Working on '69 Judge restore project. RA III 400 WS Block MT M-20

Rochester Q-Jet 4 BBL, on the stock steel/cast iron intake manifold.

Missing the entire Divorced choke assembly to put on the intake and the carb, connected by a rod with a 'U' in it.

Pretty sure all of it is five (5) parts total:
Choke pull off to mount on Roch 4 BBL Q-Jet
Choke pull off rod
Choke pull off coil
Choke pull off cover
Mounting screws/bolts 2x

Is this right so far?

My parts guy, who has allot of old GTO parts is asking me for the GM part numbers, to make sure I get the right set up, and he told me they would be found in the books.

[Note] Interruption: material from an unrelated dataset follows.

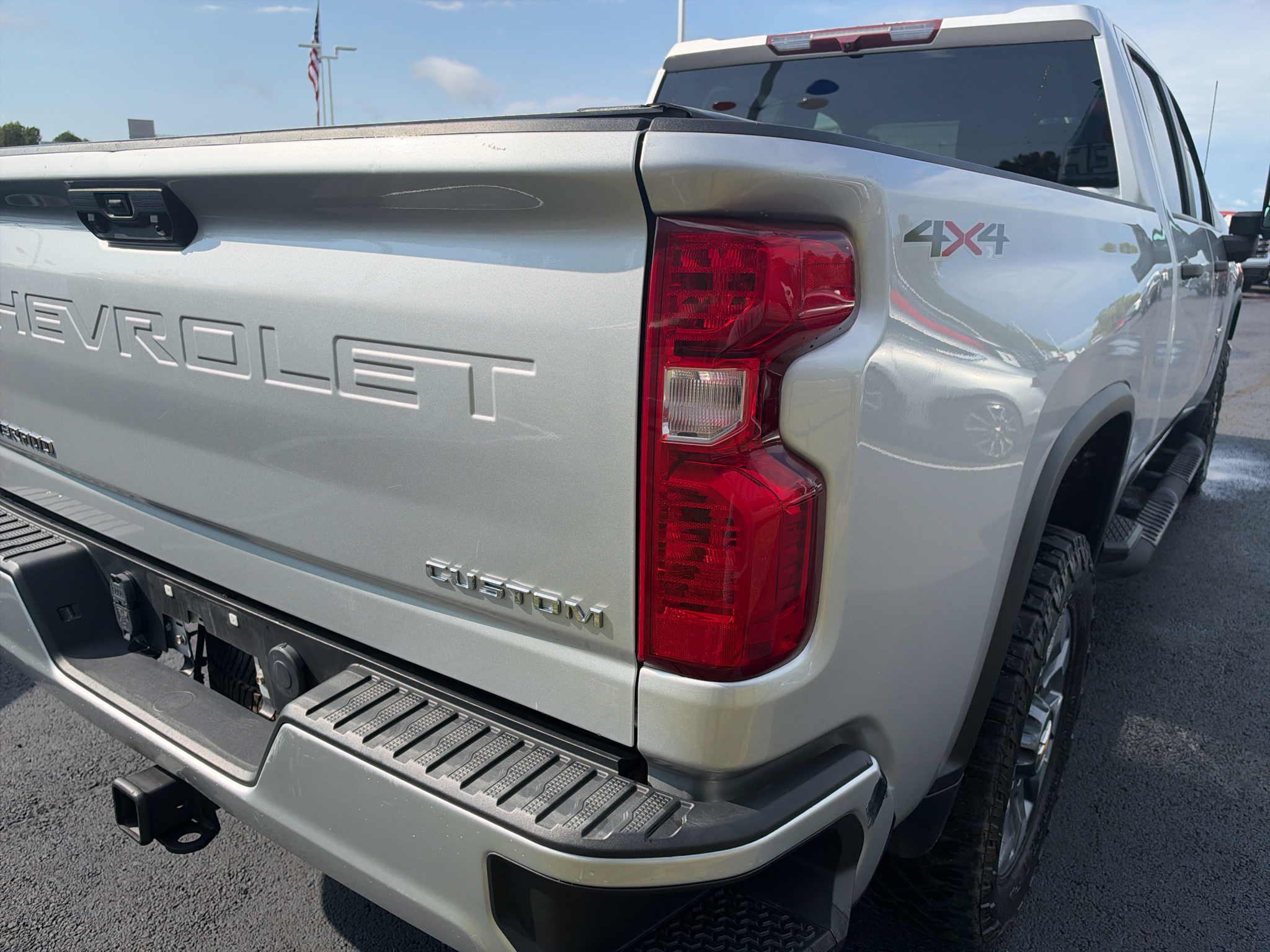 2023 Chevrolet Silverado Custom photo 5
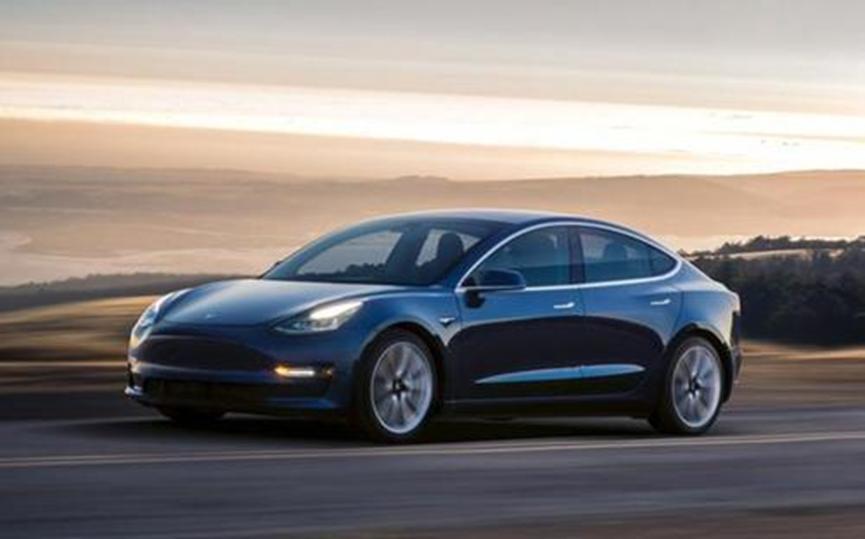 拼多多客户提车遇到困难，特斯拉拒绝交付Model3，事情仍未解决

After looking through the books, and a little surfing on the web, I am not finding much of original part numbers.

The GM '69 factory Service/assembly manual does not give much info, nor does the Zazarine & Roberts '64-'72 Resto guide book on the choke parts.

Ton's of other great info but not much on chokes, and related parts to make the assembly.

Of course, looking through the after market suppliers books, the AME's and the Performance Years catalogs give 'their part' numbers, but do not reference the original GM part numbers.

Can anyone assist with this info request?

Have looked through previous threads, but none providing this info.

At least, I did not see any posted.

Would appreciate.

Trying to get it right

Thanks

Lfryklu


----------



## Pinion head (Jan 3, 2015)

'69 RAIII stick, engine code WS, took original divorced choke stove with 9097 stamped on top. The choke rod, would have to look up exact interchange. I may have a 9097 choke stove on small parts shelving here at home. Nearly all little detail parts i keep at home vs warehouse where everything is getting boxed up. On choke stoves, know I have the 9098 and need another 1094. Feel free and PM, should be able to ck parts shelving by tomorrow evening.


----------